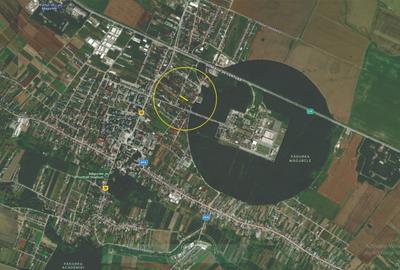 Teren Construcții intravilan de 1000 mp, în Central - 4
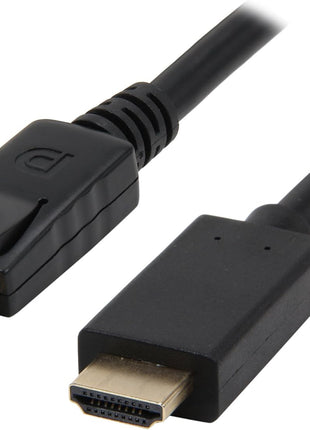 Model 4K 60Hz UHD DisplayPort to HDMI 28 AWG Cable Virtual Reality System and DP Enabled Devices - OEM (10 - Feet)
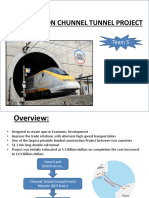 Case Study On Chunnel Tunnel Project: Team 5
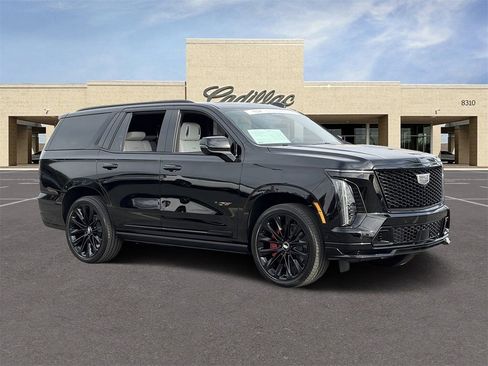 Certified 2026 Cadillac Escalade V w/ LPO, ONYX Package image 3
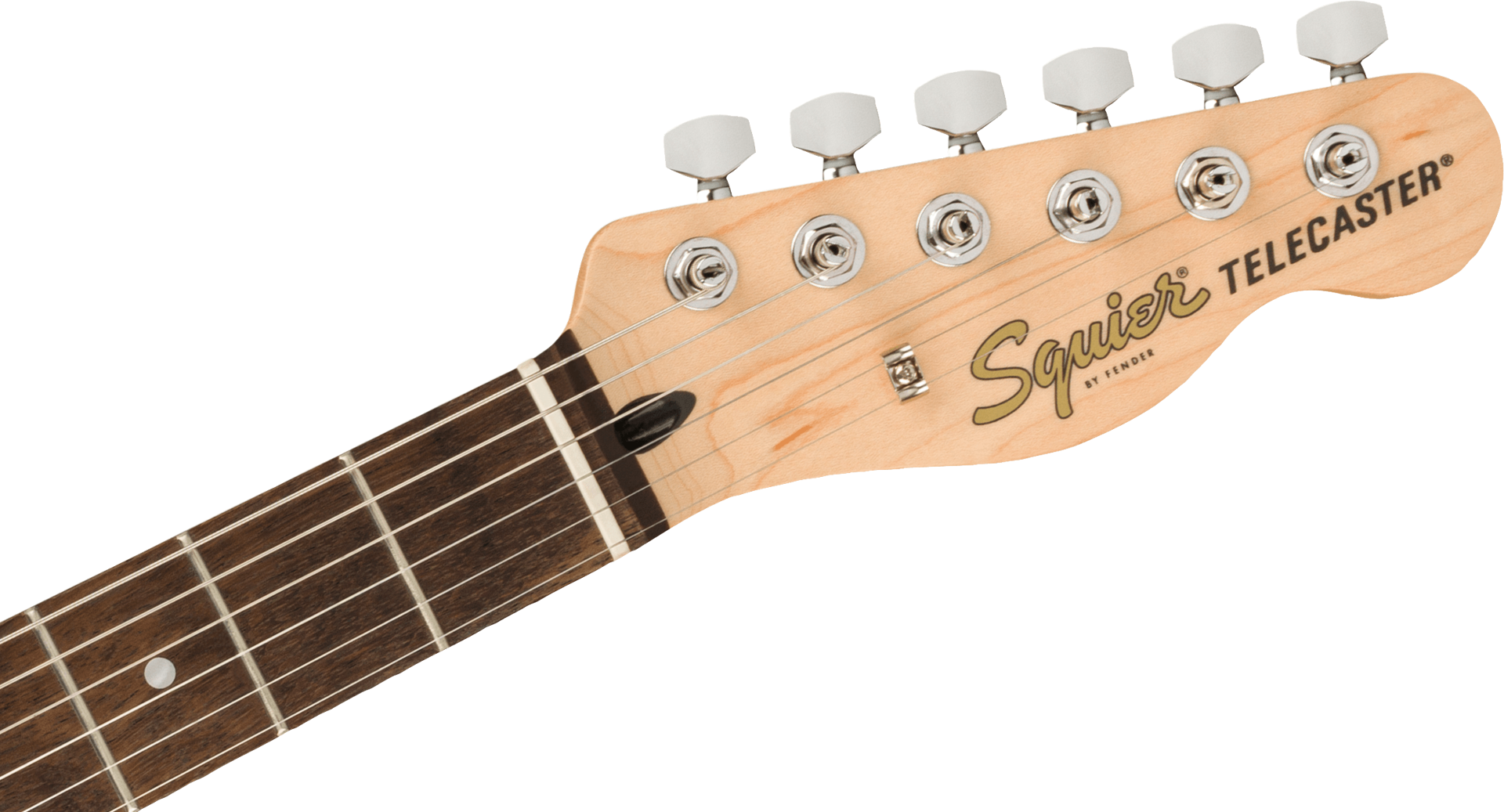 Squier Affinity Series Telecaster, Laurel Fingerboard, White Pickguard, Lake Placid Blue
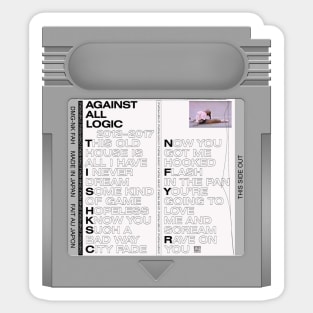 2012 - 2017 Game Cartridge Sticker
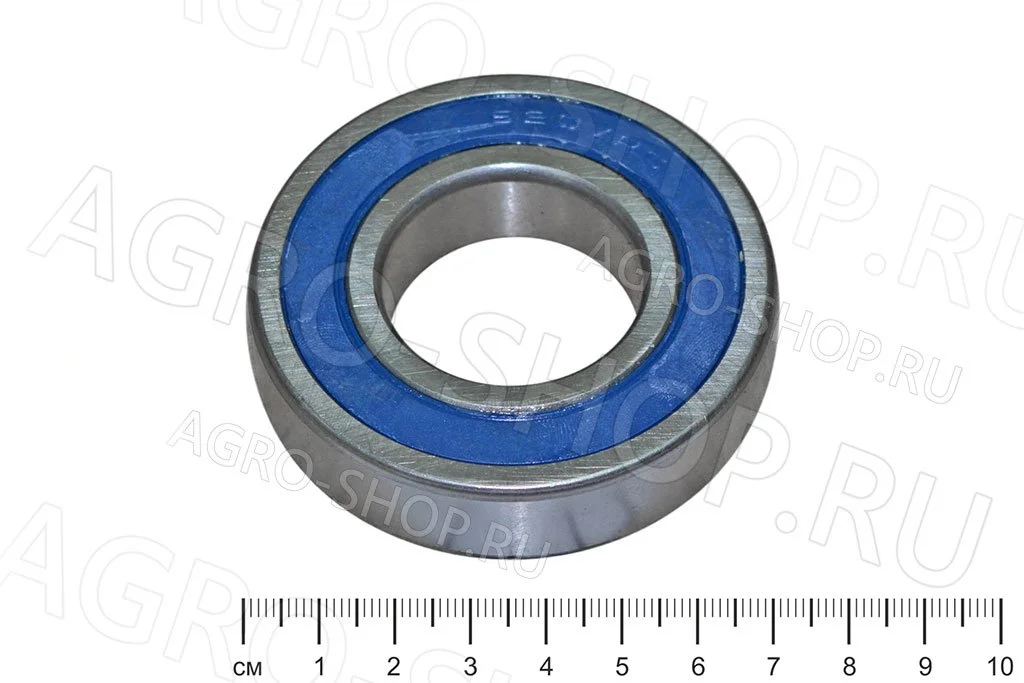 Подшипник 180207 / 6207-2RS (35х72х17) (К) 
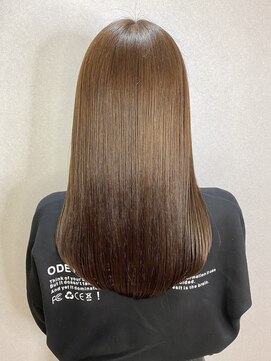 ジーナ 船橋(Zina) 髪質改善×シアベージュ☆Zina　石井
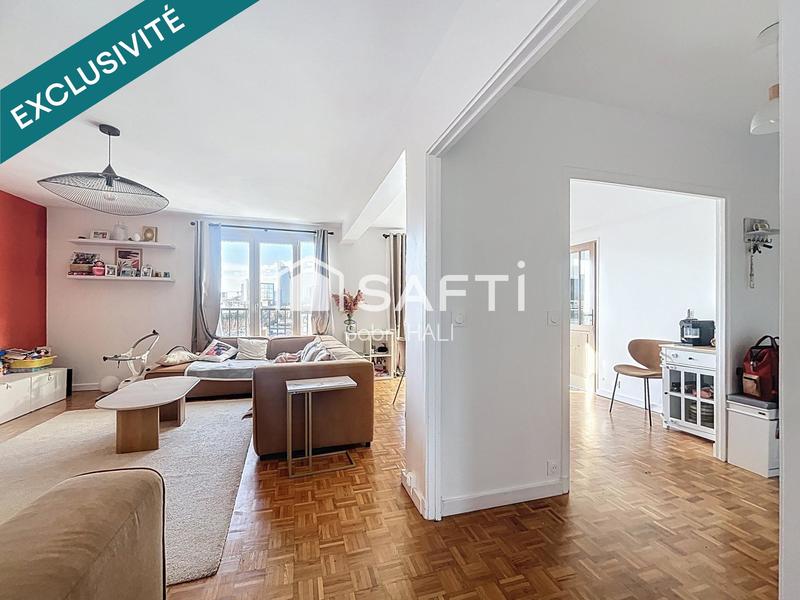 Appartement - 93 m² - 4 pièces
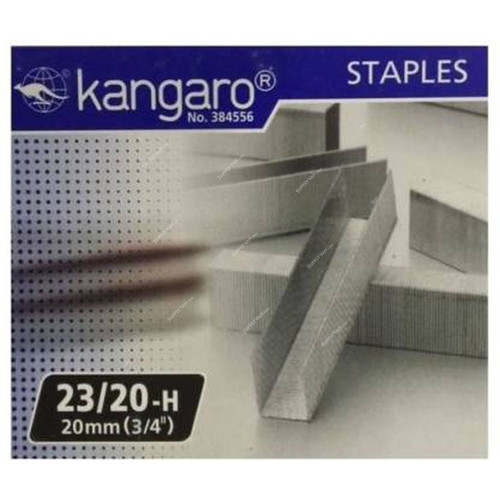 Kangaro Staple Pin, 23-20-H, 20MM, 1000 Pcs/Box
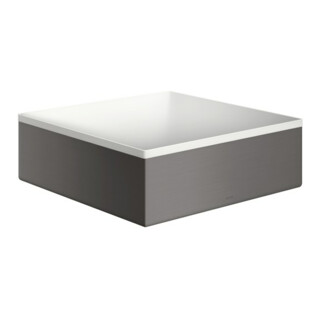 hansgrohe Axor Suite lavabo à poser 285x285 mm, brossé bleu, lavabo à poser, blanc
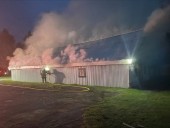 Garage Fire Erupts After ‘Explosions’ In Cherry Township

────────

Exercise description -
Print exactly the lines from the first line of the records above through the line containing "Appartement - 93 m² - 4 pièces", leaving out the pictures.

Worked solution -
 Teren Construcții intravilan de 1000 mp, în Central - 4
 Model 4K 60Hz UHD DisplayPort to HDMI 28 AWG Cable Virtual Reality System and DP Enabled Devices - OEM (10 - Feet)
 Case Study On Chunnel Tunnel Project: Team 5
 Certified 2026 Cadillac Escalade V w/ LPO, ONYX Package image 3
 Squier Affinity Series Telecaster, Laurel Fingerboard, White Pickguard, Lake Placid Blue
 2012 - 2017 Game Cartridge Sticker
 Подшипник 180207 / 6207-2RS (35х72х17) (К) 
 ジーナ 船橋(Zina) 髪質改善×シアベージュ☆Zina　石井
 Appartement - 93 m² - 4 pièces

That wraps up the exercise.